Investors will keep an eye on the advanced US Gross Domestic Product (GDP) Annualized for the third quarter (Q3), which is due on Wednesday. The Core Personal Consumption Expenditures (PCE) Price Index for September will be released on Thursday. On Friday, the highly anticipated US Nonfarm Payrolls (NFP) will be in the spotlight.
The Indian Rupee weakens on the day. According to the daily chart, the bullish outlook of the USD/INR pair remains intact, with the price holding above the key 100-day Exponential Moving Average (EMA). The 14-day Relative Strength Index (RSI) stands above the midline near 60.00, suggesting that further upside looks favorable.
Sustained trading above the upper boundary of the ascending trend channel of 84.20 could pave the way to 84.50, en route to the 85.00 psychological level.
On the flip side, the initial support level emerges at the lower limit of the trend channel near 84.05. The next contention level is seen at 83.75, the 100-day EMA.
The Indian Rupee (INR) is one of the most sensitive currencies to external factors. The price of Crude Oil (the country is highly dependent on imported Oil), the value of the US Dollar – most trade is conducted in USD – and the level of foreign investment, are all influential. Direct intervention by the Reserve Bank of India (RBI) in FX markets to keep the exchange rate stable, as well as the level of interest rates set by the RBI, are further major influencing factors on the Rupee.
The Reserve Bank of India (RBI) actively intervenes in forex markets to maintain a stable exchange rate, to help facilitate trade.
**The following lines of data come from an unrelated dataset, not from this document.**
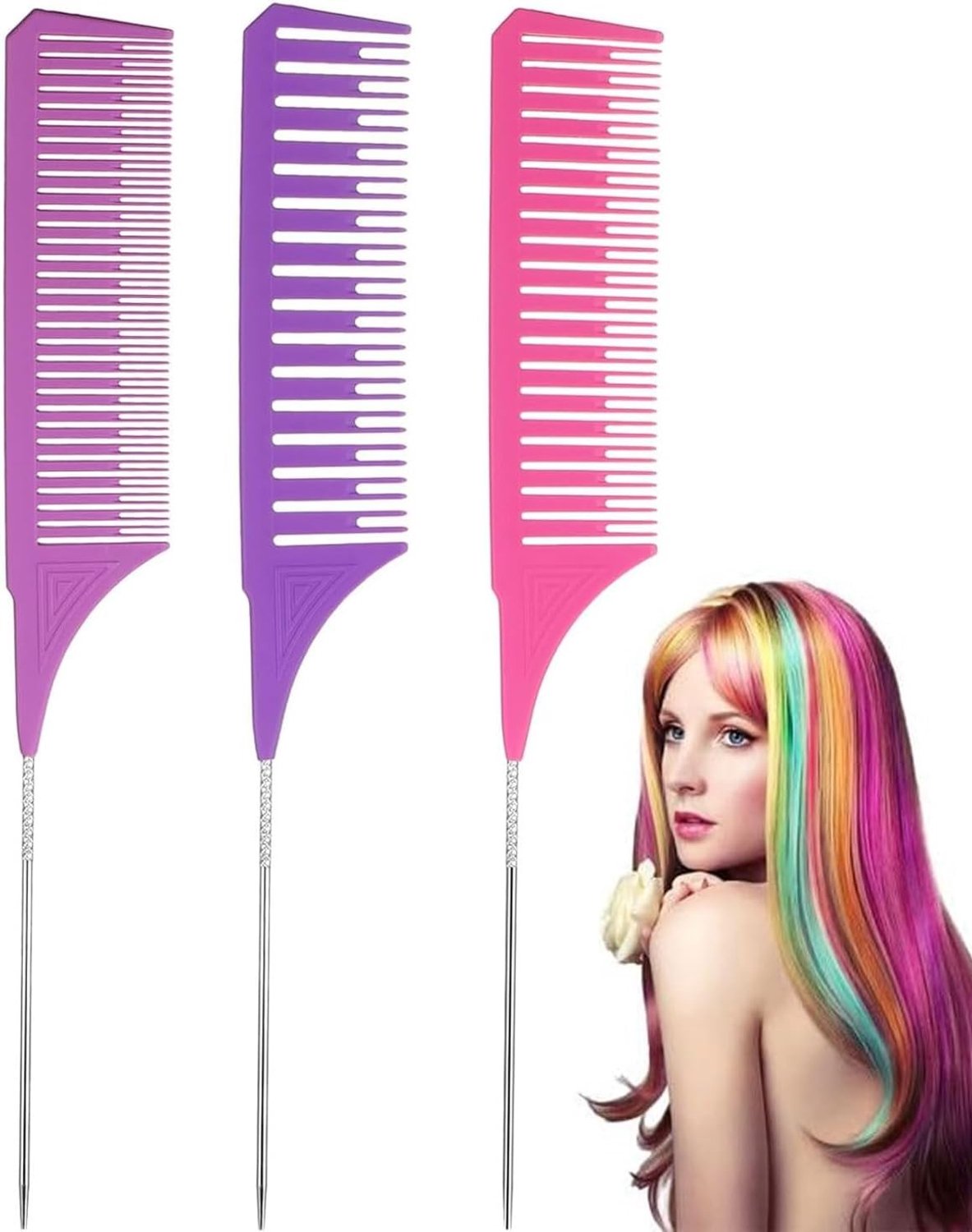 Professionele Strähnenkam voor Haarstyling, Kleurbehandelingen en Färbekamm Set voor Friseursalons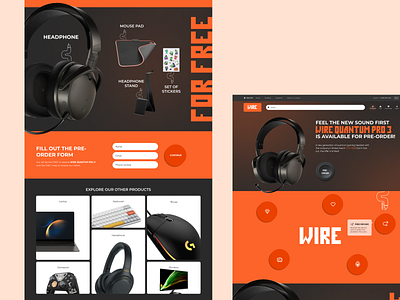 WIRE Landing Page Design concept design gaming gaming devices landing ui ux web design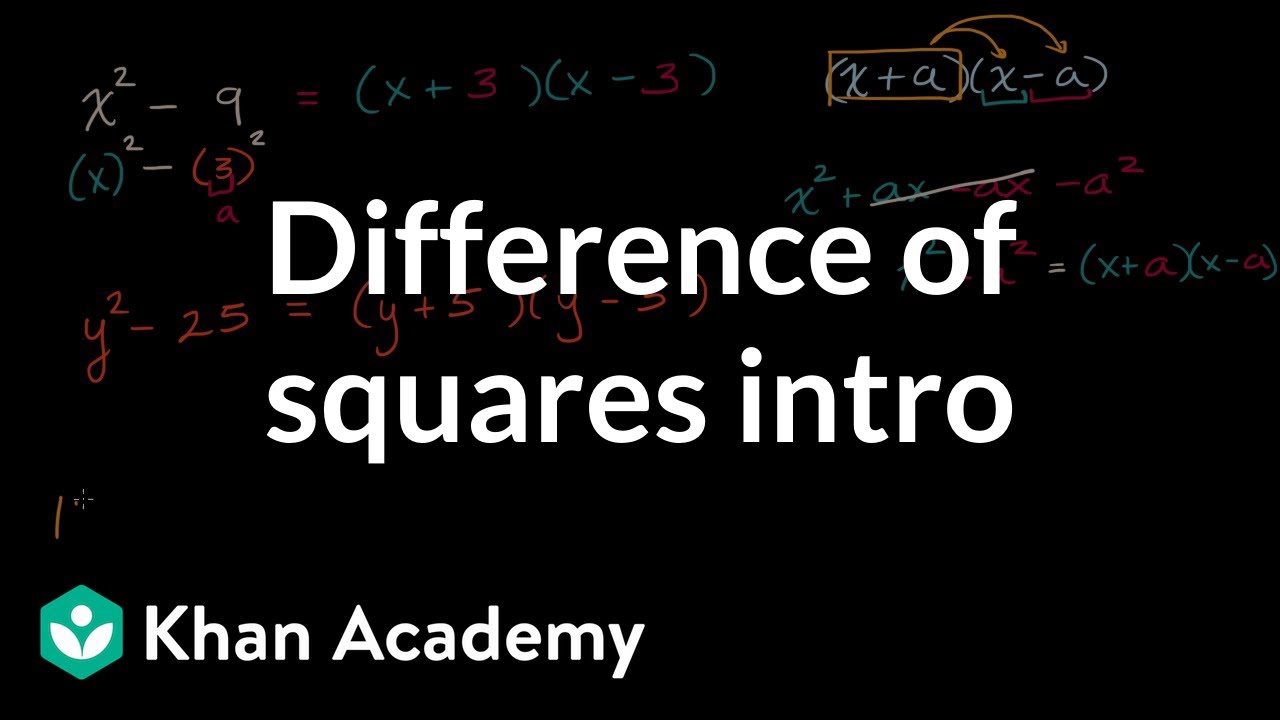 Introduction to the Difference of Squares | High School Mathematics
In addition, the RBI tries to maintain the inflation rate at its 4% target by adjusting interest rates. Higher interest rates usually strengthen the Rupee. This is due to the role of the ‘carry trade’ in which investors borrow in countries with lower interest rates so as to place their money in countries’ offering relatively higher interest rates and profit from the difference.
Macroeconomic factors that influence the value of the Rupee include inflation, interest rates, the economic growth rate (GDP), the balance of trade, and inflows from foreign investment. A higher growth rate can lead to more overseas investment, pushing up demand for the Rupee. A less negative balance of trade will eventually lead to a stronger Rupee. Higher interest rates, especially real rates (interest rates less inflation) are also positive for the Rupee. A risk-on environment can lead to greater inflows of Foreign Direct and Indirect Investment (FDI and FII), which also benefit the Rupee.
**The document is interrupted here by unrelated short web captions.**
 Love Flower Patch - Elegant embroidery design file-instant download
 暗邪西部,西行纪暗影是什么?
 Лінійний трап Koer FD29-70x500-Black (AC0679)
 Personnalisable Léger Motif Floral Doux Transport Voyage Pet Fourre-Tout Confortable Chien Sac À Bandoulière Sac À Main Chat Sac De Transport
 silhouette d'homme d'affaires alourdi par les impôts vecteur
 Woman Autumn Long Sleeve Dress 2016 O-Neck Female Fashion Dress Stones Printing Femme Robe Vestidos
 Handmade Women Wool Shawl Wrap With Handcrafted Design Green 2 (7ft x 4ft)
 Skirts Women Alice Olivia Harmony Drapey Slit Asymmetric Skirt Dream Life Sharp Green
Higher inflation, particularly, if it is comparatively higher than India’s peers, is generally negative for the currency as it reflects devaluation through oversupply. Inflation also increases the cost of exports, leading to more Rupees being sold to purchase foreign imports, which is Rupee-negative. At the same time, higher inflation usually leads to the Reserve Bank of India (RBI) raising interest rates and this can be positive for the Rupee, due to increased demand from international investors. The opposite effect is true of lower inflation.